Grupo espanhol usa ópera e música clássica para protestar
Nascido no movimento dos indignados, Solfônica recupera peça escrita em 1992
Sábado, 26 de outubro de 2013
Em meados de 1992, quando o mundo se maravilhava com a transformação pela qual havia passado a cidade de Barcelona para receber os Jogos Olímpicos do mesmo ano, o economista José Manuel Naredo já se preocupava com a situação do mercado imobiliário espanhol, aquecido pelos grandes eventos que o país receberia nos anos seguintes. Neste contexto, e a pedido de um amigo que lecionava em um conservatório de música, Naredo escreveu um libreto de uma pequena ópera que tratava, de forma irônica, o perigo de uma bolha imobiliária já prevista por diversos economistas. Entretanto, a ópera acabou ficando apenas no papel e a bolha imobiliária foi remediada com sucessivas desvalorizações da peseta espanhola.
Com a entrada em vigor do euro, os créditos facilitados pela política monetária europeia e os seguidos estímulos dos sucessivos governos espanhóis, o mercado imobiliário na Espanha voltou a superaquecer e, finalmente, com a crise de 2008, a bolha estourou.
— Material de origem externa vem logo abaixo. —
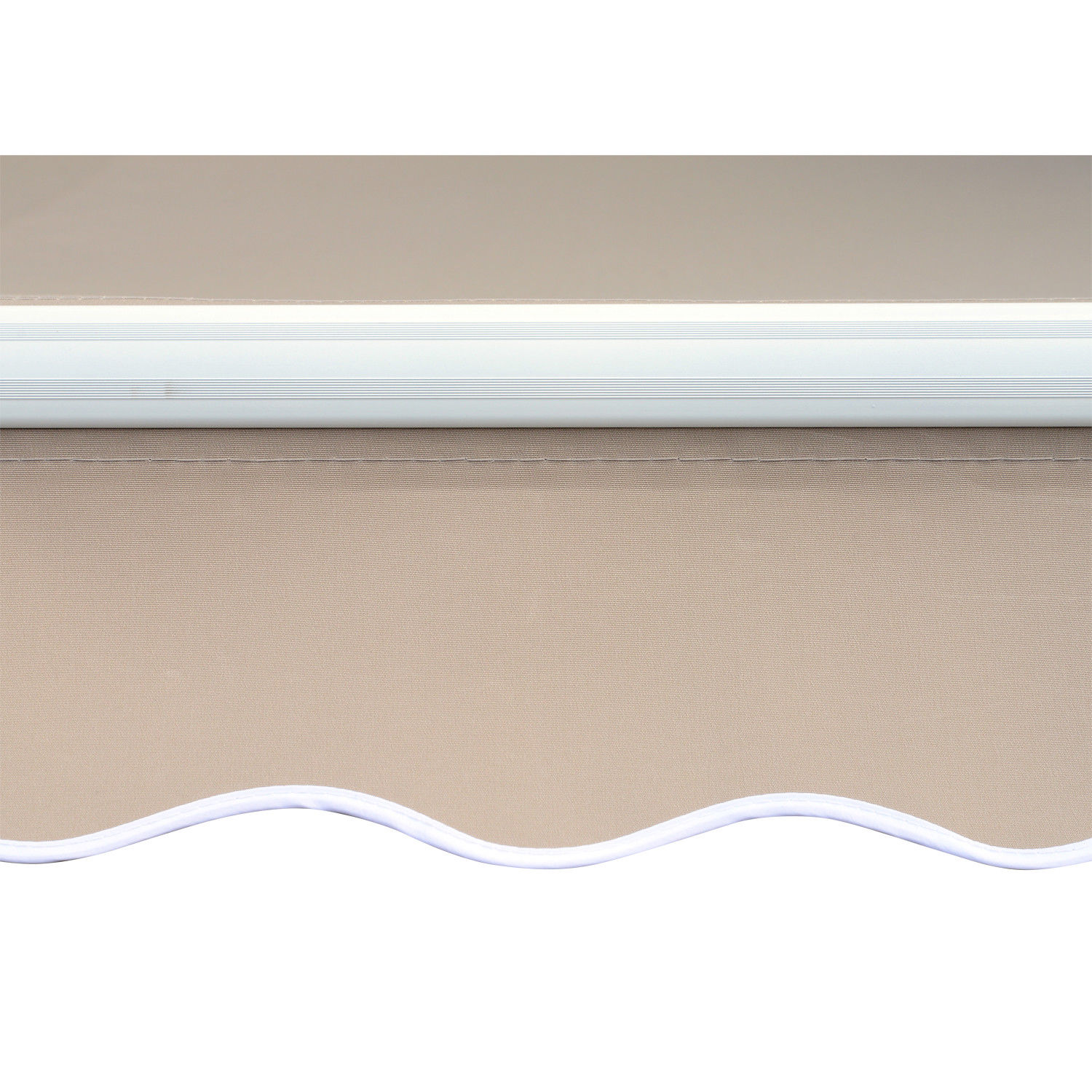 Gelenkarmmarkise Verstellbare Klemmmarkise Terrassenmarkise 4,5 x 3m Sonnenschutz mit Kurbel, Balkonmarkise, Beige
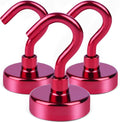 DIYMAG Magnetic Utility Hooks, 30Lbs Heavy Duty Rare Earth Neodymium Magnet Hooks with Nickel Coating for Kitchen, Garage, Cruise, Classroom, Workplace and Office etc, 3 Packs (Red)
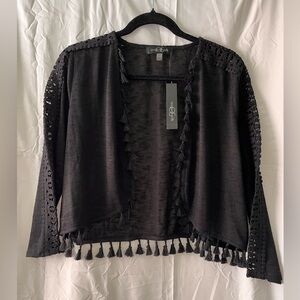 August Silk NWT Black Embroidered Sheer Tassel Cardigan Size L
Em um cenário muito parecido ao de 1992, a Solfônica, grupo que nasceu nas manifestações do dia 15 de maio de 2011 no movimento dos indignados espanhóis, conhecido por 15M, resolveu resgatar o libreto original de Naredo. Após algumas atualizações, nasceu a peça “El Crepúsculo del Ladrillo” (O Crepúsculo do Tijolo), que narra a história de um povo vítima de políticas de austeridade impostas pelo próprio governo e por entes externos.
A peça foi apresentada pela primeira vez em maio deste ano, para comemorar os dois anos do movimento 15M e, devido ao sucesso, foi reencenada em outubro. Todas as apresentações lotaram o centro social La Tabacalera, na cidade de Madri, e geraram filas que davam a volta no quarteirão do local da ópera. O libreto foi musicado por David Alegre, membro da Solfônica, e contou com a participação dos músicos e cantores do grupo. “Foi a primeira vez que eu me dediquei a escrever este tipo de música”, lembra Alegre, diretor musical da Solfônica, “e também foi a primeira vez que nós nos dispusemos a tocar um projeto desta magnitude”.
“A ópera demanda muitos ensaios porque, além de 40 minutos de música, é composta por muitos movimentos musicais e de atuação”, explica o músico, que, além de integrar a Solfônica, dá aulas em um conservatório na capital espanhola. Apesar dos contratempos, Alegre afirma que a ópera “foi uma experiência fantástica” e que por isso decidiram reencená-la cinco meses depois das primeiras apresentações.
Música contra a crise
“Eu sempre me interessei pela política”, conta o engenheiro Luiz González,”mas não sou um militante de partido político. Me sinto incomodado com estruturas de partidos, mas, entretanto, quando vi estas pessoas cantando na praça Puerta del Sol, a emoção foi muito forte”. A motivação de González é a mesma da maioria dos integrantes da Solfônica. A grande maioria deles resolveu integrar-se ao grupo para canalizar uma insatisfação com a situação política do país, mas de uma maneira que não representasse a mesma estrutura que eles criticavam.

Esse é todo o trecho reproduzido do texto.